Notional Interest Deduction on New Equity: Amendments
18/06/2020

The provisions of the Income Tax Law related to the Notional Interest Deduction (NID) on New Equity were amended through a law, which was published in the Official Gazette of the Republic of Cyprus on 16 June 2020. For more details about the NID you can refer to our previous newsfeeds on this. The most important amendments are presented below.

Reference Rate

The reference rate, which is applied on New Equity in order to derive to the allowance to be deducted from taxable profits, continues to be the yield of the 10 year government bond of the country in which the where the funds (the New Equity) are invested plus a 5% premium.
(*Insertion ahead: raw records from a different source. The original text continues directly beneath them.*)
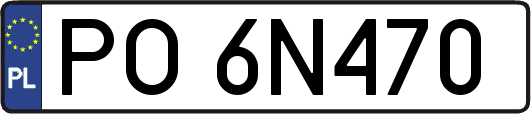 PO6N470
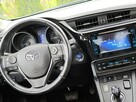 Toyota Auris - 14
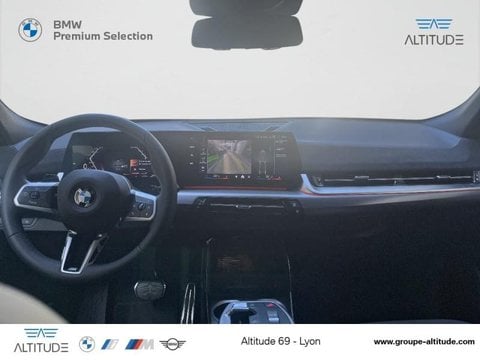 Voitures D'occasion À Limonest | Bmw X2 Sdrive20Ia 170Ch M Sport Dkg7
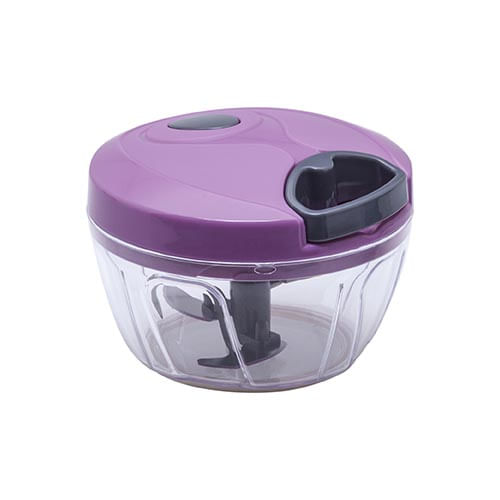 Mini Processador Manual C/ Dispenser (1037) Paramount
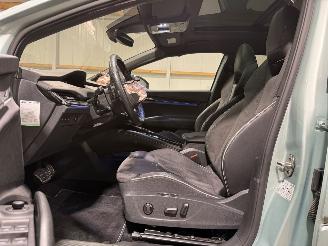 Skoda Enyaq iV 80x 195kW AWD Sportline 4x4 Pano picture 38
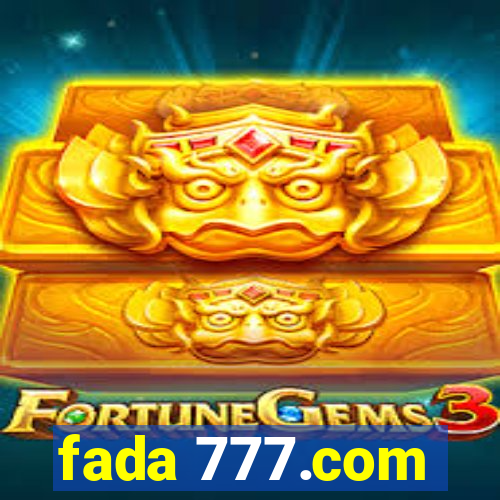 fada 777.com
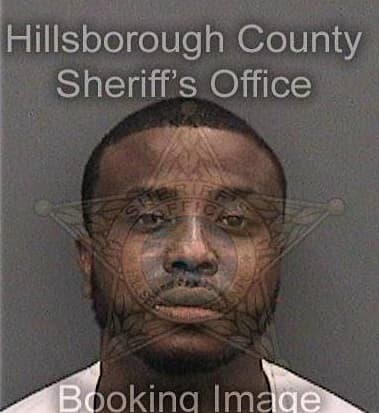 Timothy Bailey, - Hillsborough County, FL 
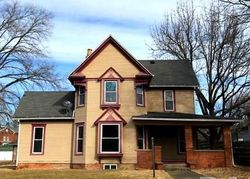 Foreclosure in  W MAIN ST Industry, IL 61440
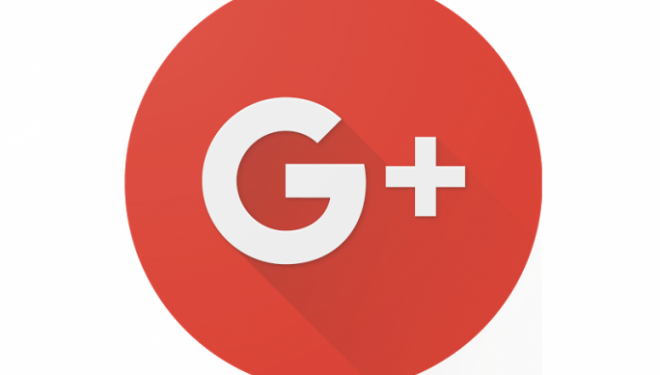 Google Plus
Previously the premium was 3% instead of 5% but there was also a minimum reference rate equal to the yield on the 10-year government bond of Cyprus plus 3%. Therefore, there is no minimum reference rate anymore, unless the country in which the New Equity is invested does not have a 10 year government bond in issue.

New Equity

The definition of New Equity has been amended in order to cover only equity (in the   form of paid-up share capital or share premium) introduced to a company as from 1 January 2015. The option to consider capitalisation of reserves existing on 31 December 2014 as New Equity, under certain conditions been met, is no longer available.


The NID calculated as per above is set against taxable profits on an annual basis, subject to a cap of 80% of those profits. The amending law clarifies that the relevant taxable profits are those arising from the employment of the New Equity, therefore the NID can only be claimed against such profits. It is also clarified that the cap applies separately to the taxable profits generated from each business asset financed by the New Equity. These are not new provisions but merely clarifications, of what was anyway applied in practice in the vast majority of the cases.

As we have mentioned in the past, the NID enhances the tax benefits of financing business operations through equity and offers a tax efficient alternative to debt financing, something which becomes even more attractive considering that the latter is on the spotlight by various tax-related developments, such as the BEPS project by the OECD.